The 15-Minute Incident Rule
If you cannot describe what's happening in 15 minutes, declare an incident. The rule and the discipline that drives faster MTTR.
The rule
The 15-minute rule converts hesitation into action. If on-call does not understand the problem within 15 minutes of detection, declare an incident. The act of declaring unblocks resources, opens war rooms, and pulls in additional responders; declaring is the trigger, not the verdict.
- 15 minutes from detection. Explicit time threshold; forces a decision instead of drift, regardless of how confident the engineer feels.
- Declaration opens resources. Incident commander, war room, comms channels, and additional responders all unlock on declaration; that is the operational point.
- Published rule per team. Visible "15-minute rule" reference in the on-call runbook; new engineers inherit the bar without negotiation.
- Documented "what counts as understood". Explicit criteria for when investigation has identified the cause clearly enough; catches the over-confident "I've got this" pattern.
Why 15 minutes
The 15-minute window is empirical. Cause is most likely identified in the first 15 minutes of investigation; hesitation past that point usually means the engineer needs help, not more time.
- First 15 minutes most productive. Early-investigation window when context is freshest; beyond that, complexity grows and signal degrades.
- Hesitation costs minutes of MTTR. Every minute of dawdling past the threshold is a minute of customer impact; the rule removes the hesitation.
- MTTR data per team. Historical first-15-minutes data backs the rule with evidence; teams that publish this number stop arguing about the threshold.
- Time-anchored "what do we know" check. 15-minute checkpoint forces the explicit "what do we know versus what do we need" question; the answer drives declaration or continuation.
Avoid
Two failure modes break the rule: treating declaration as a personal failure, and waiting for certainty before declaring.

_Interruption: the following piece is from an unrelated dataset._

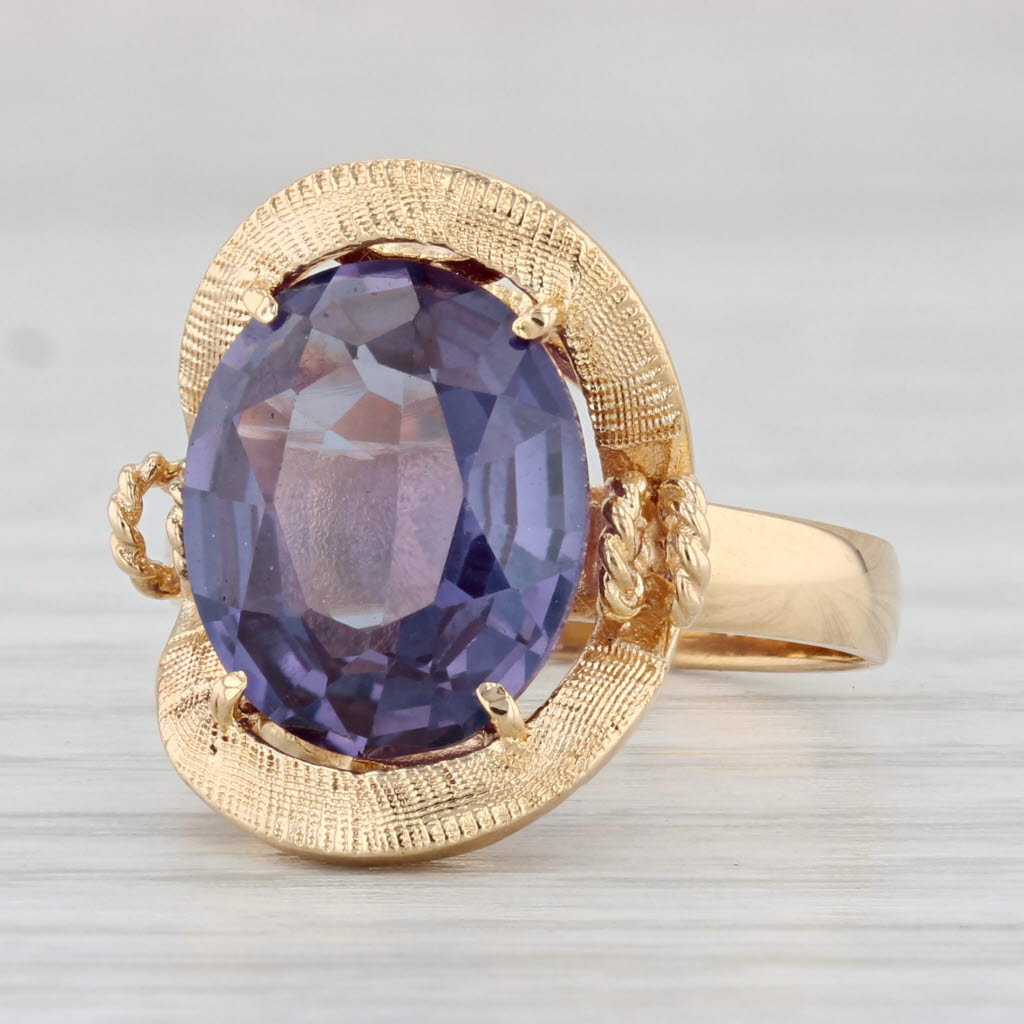 Light Gray Lab Created Purple Sapphire Ring 18k Yellow Gold Size 6.25 Oval Solitaire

Both are cultural, not procedural; fixing them takes leadership reinforcement.
- Declaration is not failure. No-blame-for-declaring norm; declaration is the right call when investigation is stalling, not a sign of weakness.
- Do not wait for certainty. Certainty comes after declaration, not before; waiting for it costs MTTR every time.
- Cultural reinforcement at the postmortem. Celebrate "declared correctly" outcomes in retros; the team learns from the example more than from the rule text.
- False-alarm tolerance. Explicit "false declaration is fine" norm; over-cautious cultures suppress declarations that would have helped.